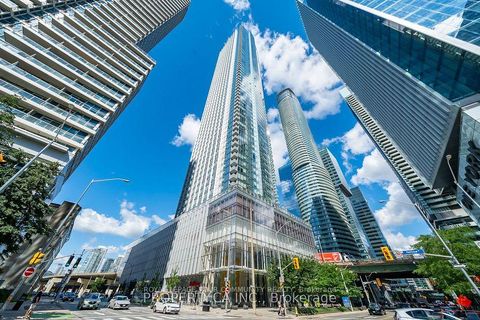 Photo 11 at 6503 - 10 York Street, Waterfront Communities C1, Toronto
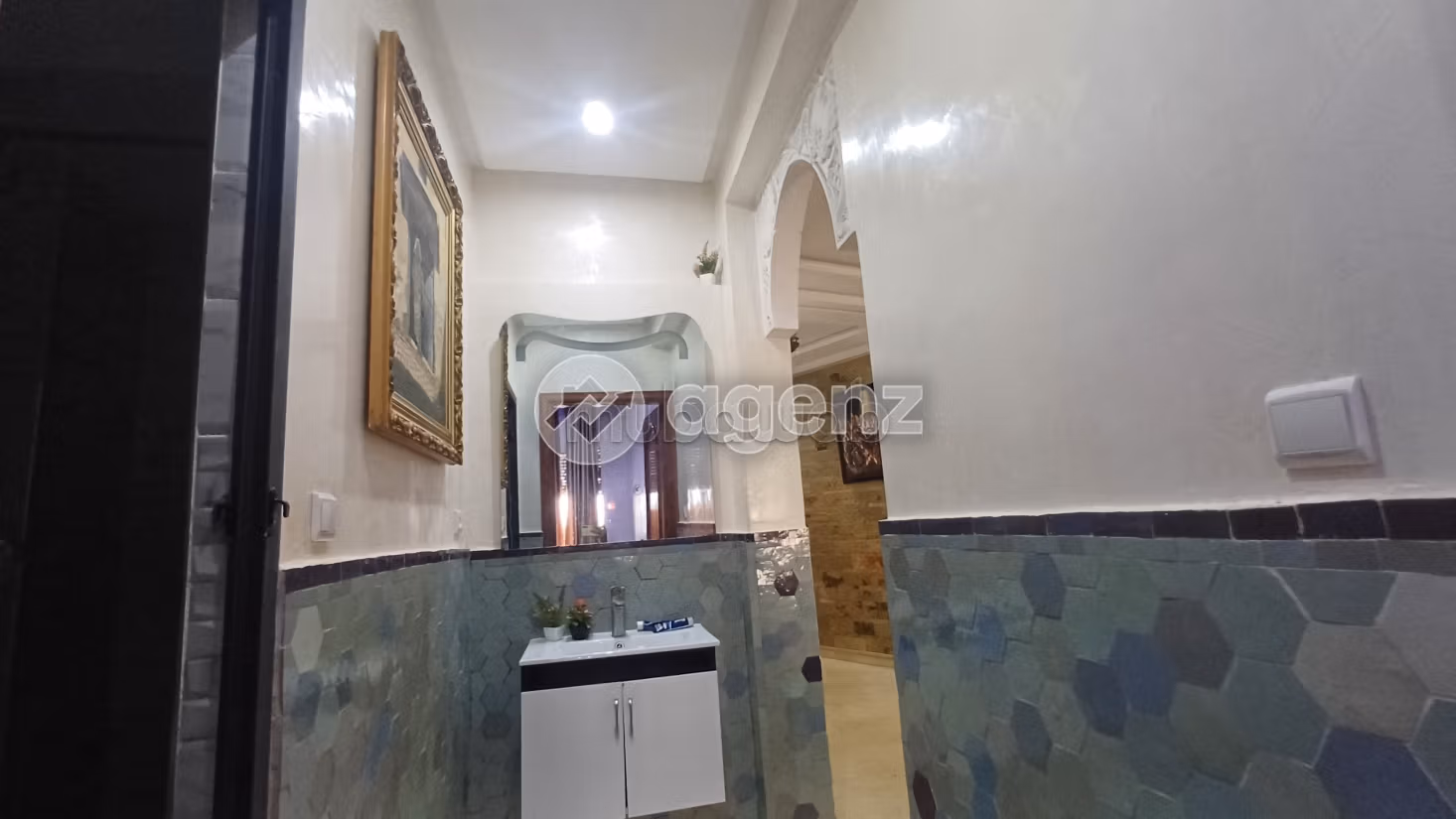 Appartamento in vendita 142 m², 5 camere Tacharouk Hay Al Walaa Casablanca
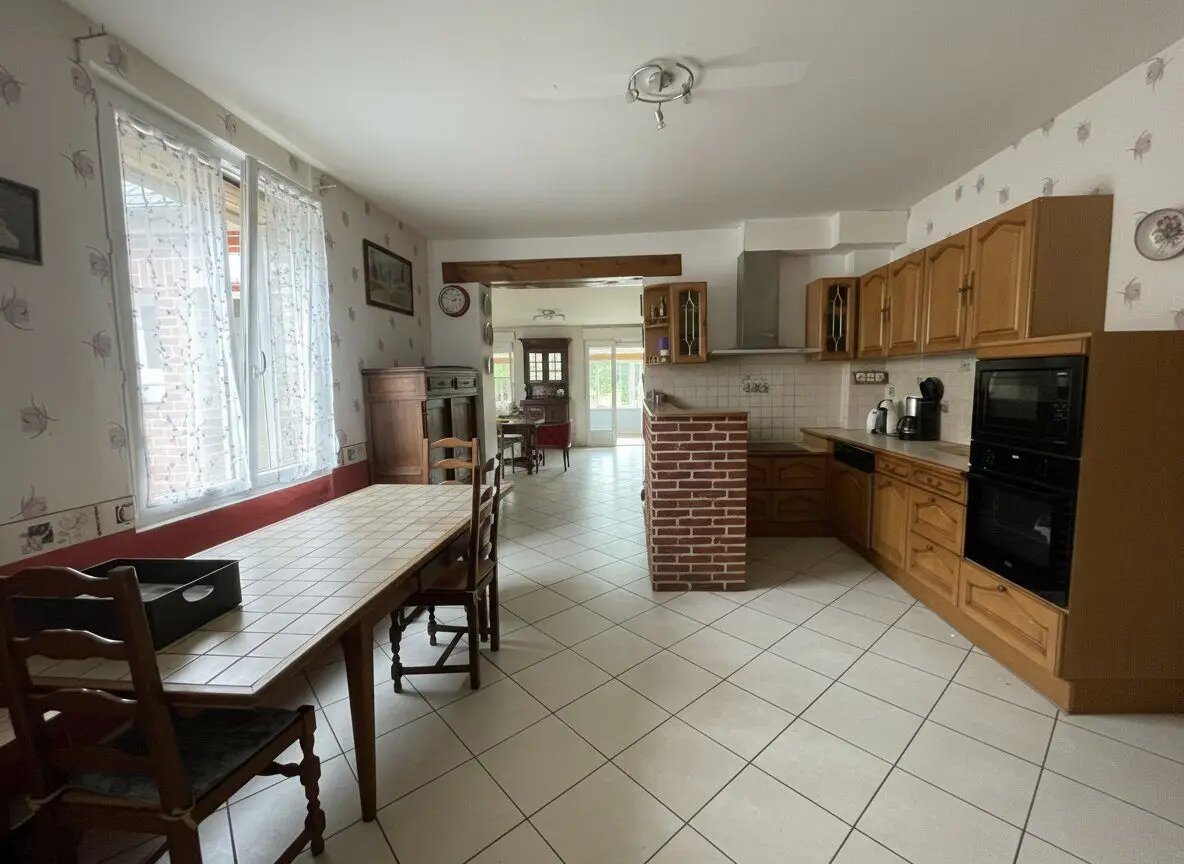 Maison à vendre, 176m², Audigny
* * *
Would you repeat the material exactly, keeping out any pictures?

 Photo 11 at 6503 - 10 York Street, Waterfront Communities C1, Toronto
 Appartamento in vendita 142 m², 5 camere Tacharouk Hay Al Walaa Casablanca
 Maison à vendre, 176m², Audigny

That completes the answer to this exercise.